Maria Edgeworth - Writing

Writing

Edgeworth's early literary efforts were melodramatic rather than realistic. She wrote many children's novels that conveyed moral lessons to their audience. One of her schoolgirl novels features a villain who wore a mask made from the skin of a dead man's face. Edgeworth's first published work was Letters for Literary Ladies in 1795. Her work, "An Essay on the Noble Science of Self-Justification" (1795) is written for a female audience in which she convinces women that the fair sex is endowed with an art of self-justification and women should use their gifts to continually challenge the force and power of men, especially their husbands, with wit and intelligence. It humorously and satirically explores the feminine argumentative method. This was followed in 1796 by her first children's book, The Parent's Assistant, which included Edgeworth's celebrated short story The Purple Jar. The Parent's Assistant was influenced by her father's work and perspectives on children's education.

Mr. Edgeworth, a well-known author and inventor, encouraged his daughter's career. At the height of her creative endeavors, Maria wrote, "Seriously it was to please my Father I first exerted myself to write, to please him I continued." Though the impetus for Maria's works, Mr. Edgeworth has been criticized for his insistence on approving and editing her work. The tales in The Parent's Assistant were approved by her father before he would allow them to be read to her younger siblings. It is speculated that her stepmother and siblings also helped in the editing process of Edgeworth's work.

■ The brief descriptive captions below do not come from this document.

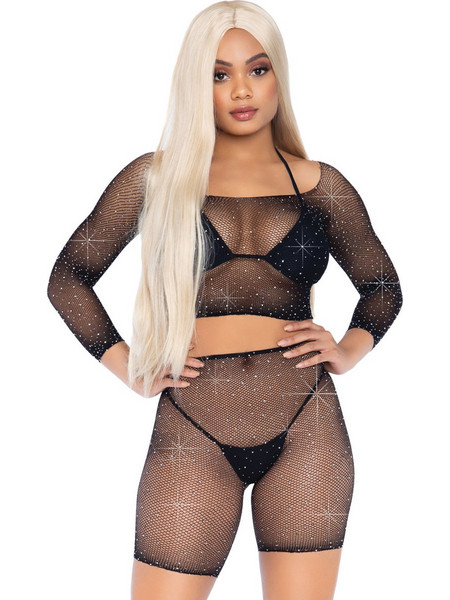 Leg Avenue Sexy Two Piece Set Διχτυωτό Μαύρο 714718548807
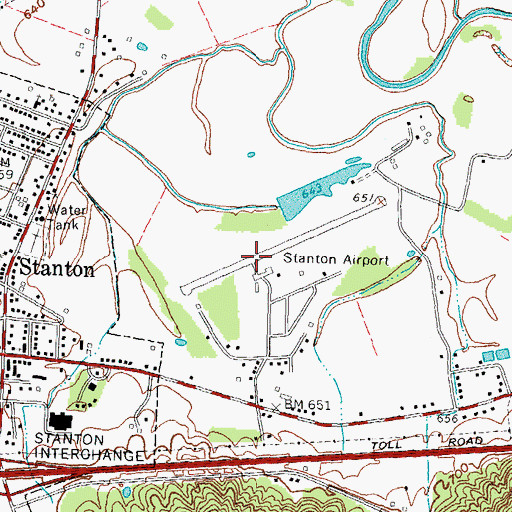 Topographic Map of Stanton Airport, KY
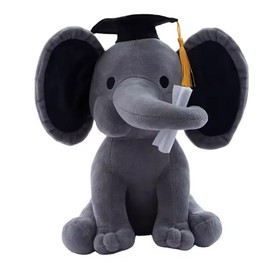 Tikwisdom Stuffed Animals - Elephant, Graduation Elephant with Diploma Tasseled Hat, Large Plush Elephant, this is the perfect graduation gift for girls and boys 25cm (grey)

Practical Education (1798) is a progressive work on education that combines the ideas of Locke and Rousseau with scientific inquiry. Edgeworth asserts that "learning should be a positive experience and that the discipline of education is more important during the formative years than the acquisition of knowledge." The system attempted to "adapt both the curriculum and methods of teaching to the needs of the child; the endeavor to explain moral habits and the learning process through associationism; and most important, the effort to entrust the child with the responsibility for his own mental culture." The ultimate goal of Edgeworth's system was to create an independent thinker who understands the consequences of their actions.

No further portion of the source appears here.